Archive for December 23, 2005

December 23 – O Emmanuel

December 23, 2005 1 comment

December 23 – O Emmanuel

O Emmanuel: “O Emmanuel, king and lawgiver, desire of the nations, Savior of all people, come and set us free, Lord our God.”

The Lord reigns in holiness.

Isaiah sees the Lord. He is summoned into the courts of heaven to stand before the holy, holy, holy Lord of hosts. He does not fall in fear but screams in terror, “Woe is me!”
He is coming undone.

The great and terrible Lord of hosts dwells in unapproachable light. No human can behold Him and live. He is greater than power for He precedes power. There is no power than operates independent of His life. He alone holds all things together.

He is greater the all knowledge for He precedes knowledge. There is no thought beyond Him, for He anticipates every thought and is over and above all thinking.

There is no reference to describe the Holy Creator of all things. So how can we describe this Lord of Lords, the power, this person, this pure life that precedes all things? He chooses to give us language and ideas and images that help us to grasp Him, and yet our words and our imaginations simply cannot fully contain Him. He is always greater than.

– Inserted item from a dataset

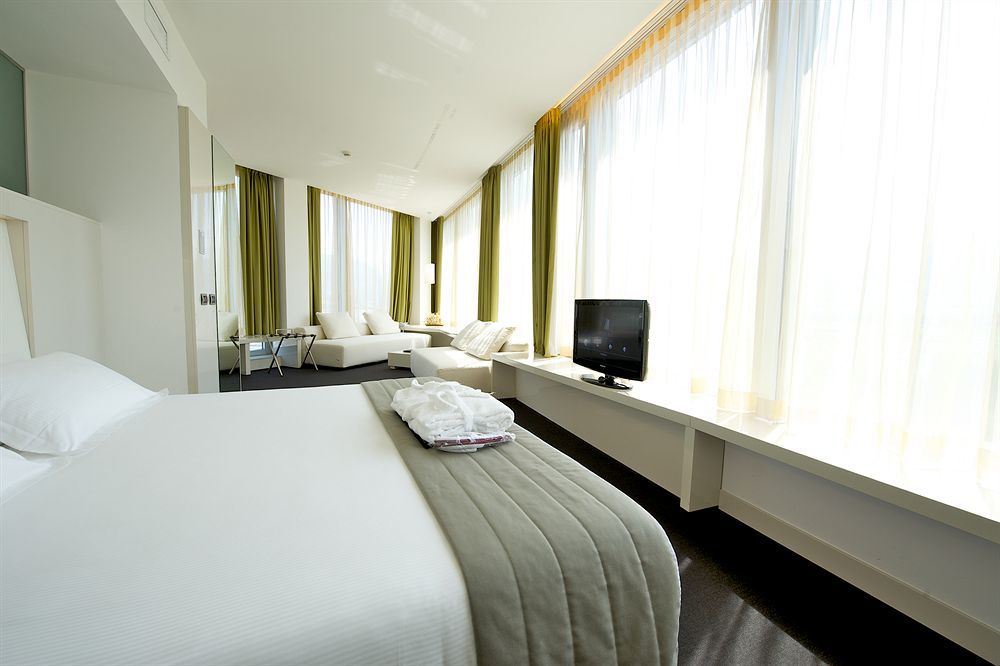 רוברטו Mercure Nerocubo Rovereto מראה חיצוני תמונה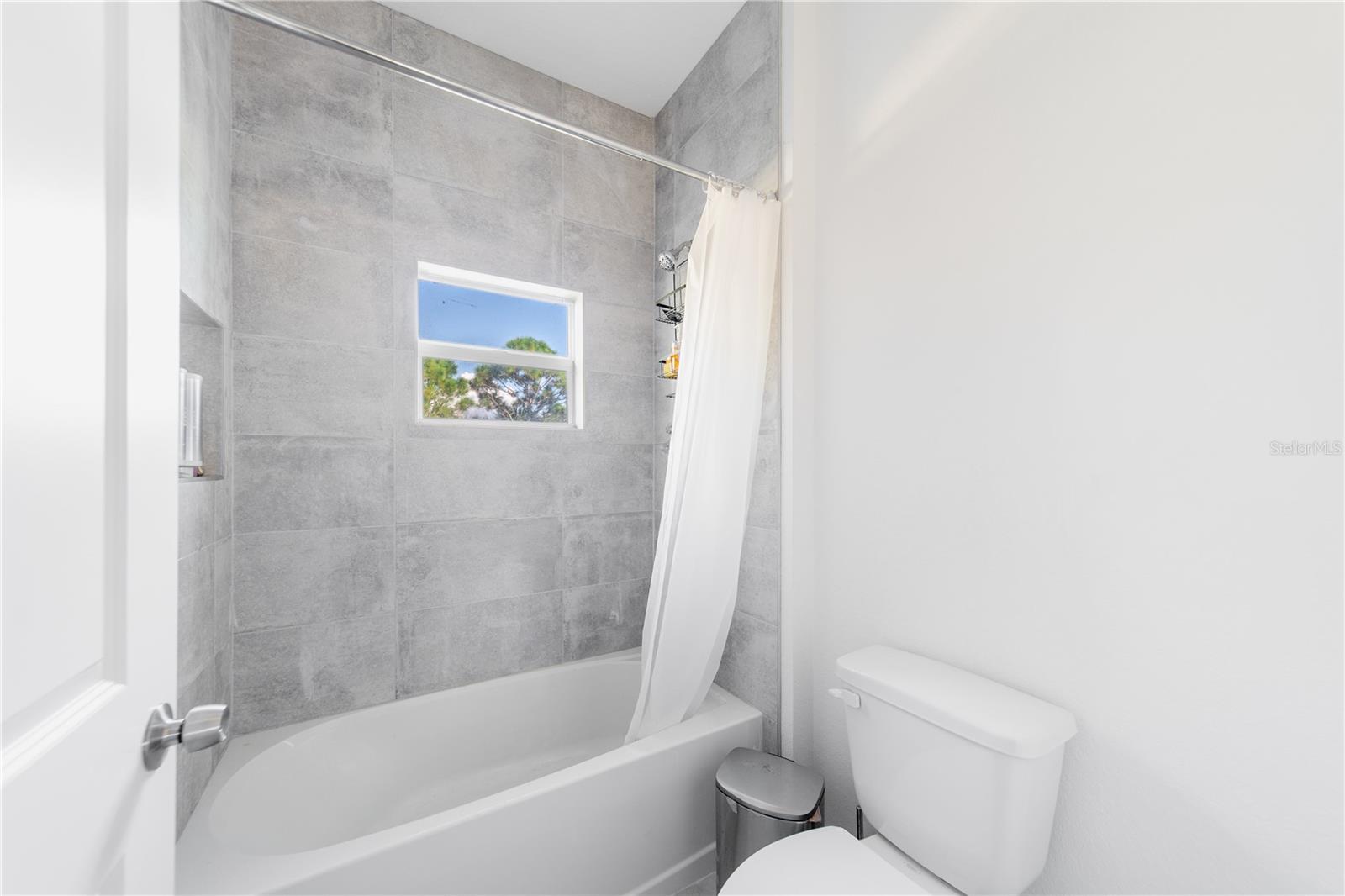 Image 14 of 35 For 15473 Lakeland Circle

And Isaiah knows firsthand the terror of failing into the hands of the living God.

This High and Lofty One who inhabits eternity, whose name is Holy, dwells in the high and holy place, chooses also to “dwell with him who has a contrite and humble spirit, to revive the spirit of the humble, and to revive the heart of the contrite ones.”

In the mystery beyond mysteries, the Sovereign Lord, Creator of Heaven and Earth, chooses to dwell among humans and comes to be born in and from the virgin Mary. As the baby appears, He is both God and infant. Fully God, fully man. Who can grasp it?

O come let us adore Him.

This baby reveals the Creator in ways no one could have anticipated. He is a stumbling block to Jews and foolishness to Greeks. How can God be born?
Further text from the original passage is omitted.